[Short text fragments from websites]
....................

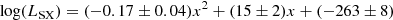 $$ \begin{aligned} \log (L_{\rm SX})&=(-0.17\pm 0.04) x^2+(15\pm 2) x + (-263\pm 8)\end{aligned} $$
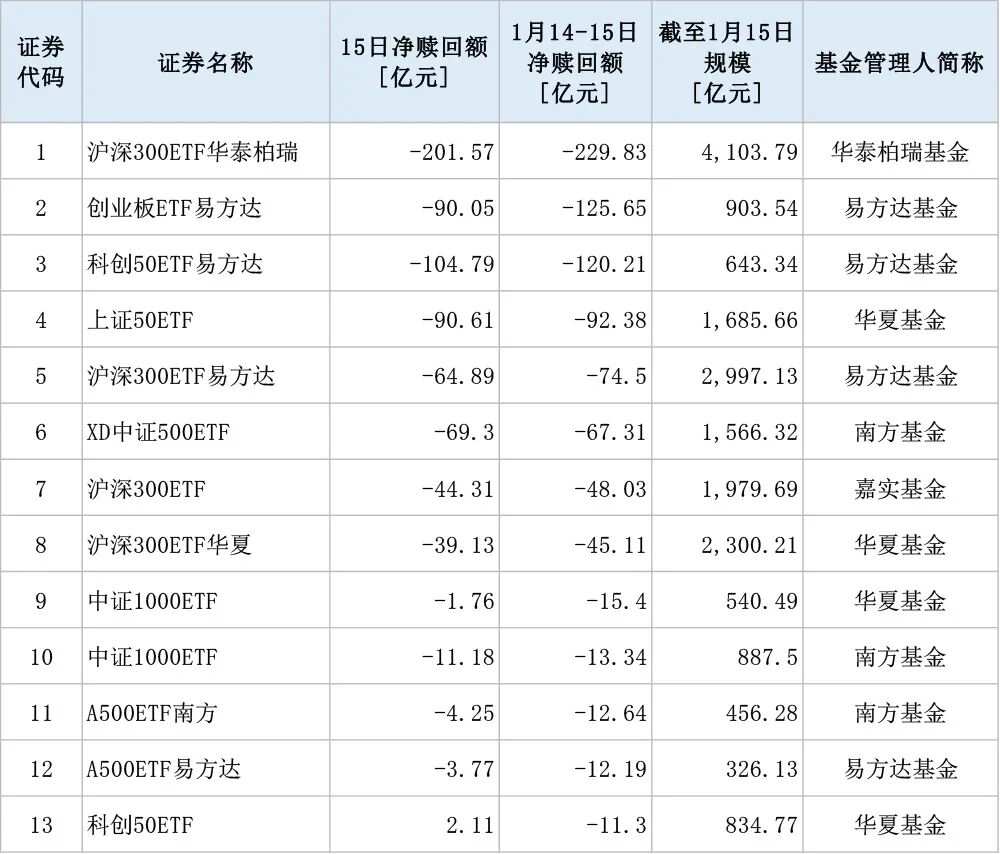 两市ETF两融余额一周减少16.44亿元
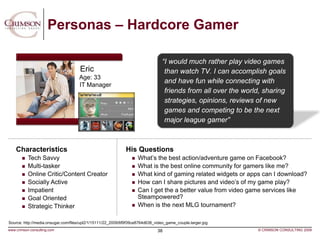 Personas – Hardcore Gamer

                                                                                 “I would much ...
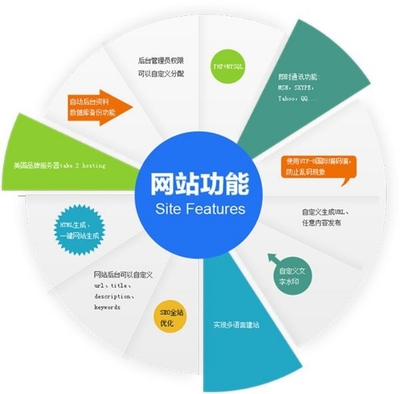 长沙建设网站的价格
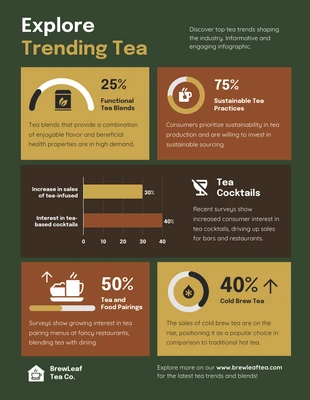 premium  Template: Explore Trending Tea Infographic Template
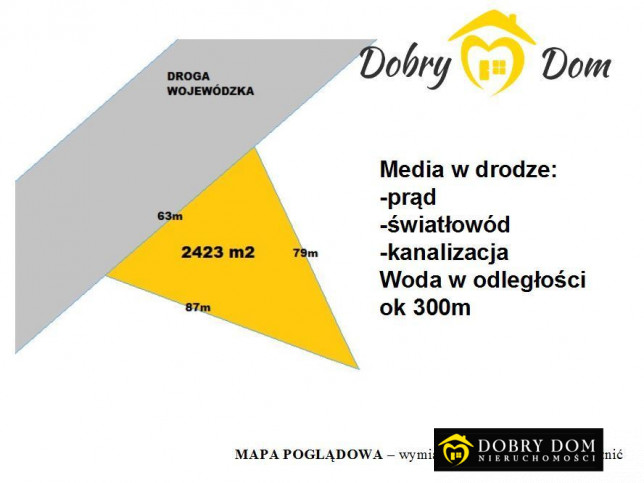 Działka Sprzedaż Dubicze Cerkiewne 1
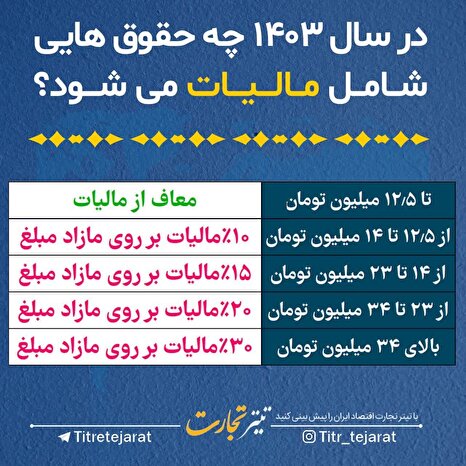 در سال ۱۴۰۳ چه حقوق‌هایی شامل مالیات می‌شود؟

....................

Starting from the line containing "Personas – Hardcore Gamer", repeat each line exactly through the end of the entries, including the last, while leaving pictures out.

 Personas – Hardcore Gamer

                                                                                 “I would much ...
 长沙建设网站的价格
 premium  Template: Explore Trending Tea Infographic Template
 Działka Sprzedaż Dubicze Cerkiewne 1
 در سال ۱۴۰۳ چه حقوق‌هایی شامل مالیات می‌شود؟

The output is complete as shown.